La cuestión sobre el hombre constituye, así, el punto de convergencia y diversificación cualitativa entre la ciencia y la metafísica, poniendo en evidencia, al mismo tiempo, por una parte la utilidad o, más aún, la necesidad de las ciencias humanas para una metafísica sensible a los problemas modernos; y, por otra, la insalvable frontera epistemológica de las ciencias mismas, determinada por su método.
La primera palabra sobre el hombre es ofrecida por la ciencia —la fenomenología antropológica es anterior a la antropología filosófica— como punto de partida concreto, pero la última palabra queda reservada a la metafísica, la cual, mientras recibe de las disciplinas científicas un depurado dato de base, les ofrece a ellas un enfoque sintético e integrativo, abriéndolas a la perspectiva de los valores y de los fines.
Las ciencias humanas, pues, son indispensables para una metafísica moderna, pero son absolutamente inhábiles para responder a la cuestión puesta al hombre por la singular experiencia constitutiva de su ser, es decir, la del contraste insuperable entre la limitación-contingencia y la ilimitada trascendencia.
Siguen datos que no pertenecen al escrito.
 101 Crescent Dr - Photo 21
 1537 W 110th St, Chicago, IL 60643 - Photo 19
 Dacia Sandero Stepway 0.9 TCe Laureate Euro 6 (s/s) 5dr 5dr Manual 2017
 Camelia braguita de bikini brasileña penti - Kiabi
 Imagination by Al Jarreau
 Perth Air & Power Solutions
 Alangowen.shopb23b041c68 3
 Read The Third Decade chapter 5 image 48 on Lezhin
El hombre no es inteligible sobre la sola base de lo empíricamente verificable, sino únicamente sobre la base de la experiencia específicamente humana, que es precisamente experiencia de auto-trascendencia. Consideradas de tal manera, las ciencias humanas y la metafísica están llamadas a una relación permanente de mutua investigación y, por tanto, de mutua ayuda.
Estas son las reflexiones que el Santo Padre, también en grato recuerdo de su participación en el congreso internacional de Génova-Barcelona de 1976, quiere confiar al estudio del próximo congreso de Bérgamo. El espera que contribuya válidamente al análisis de los amplios problemas sobre la relación entre la metafísica y las ciencias humanas, en vistas a ofrecer al hombre un significado verdadero y asegurante de su propia existencia, de la historia y del cosmos, precisamente en el cuadro de un exaltante progreso de las ciencias. Además, la teología cristiana, en cuanto fides quarens intellectum, requiere una metafísica que, teniendo en cuenta los resultados de las ciencias humanas, muestre la apertura radical del hombre al misterio de Dios, que en Cristo se ha revelado y se ha dado a la humanidad. Sólo así se podrá ofrecer un fundamento estable a las esperanzas de la generación contemporánea, encaminada hacia el final del segundo milenio de la Era Cristiana y animada, en tal recorrido, por el deseo “del desarrollo de las personas y no sólo de la multiplicación de las cosas… no tanto para tener más, cuanto para ser más” (Redemptor hominis, 16).
Con estos sentimientos, Su Santidad envía de corazón a usted, como también a todos los relatores y participantes al congreso, su confortadora bendición apostólica.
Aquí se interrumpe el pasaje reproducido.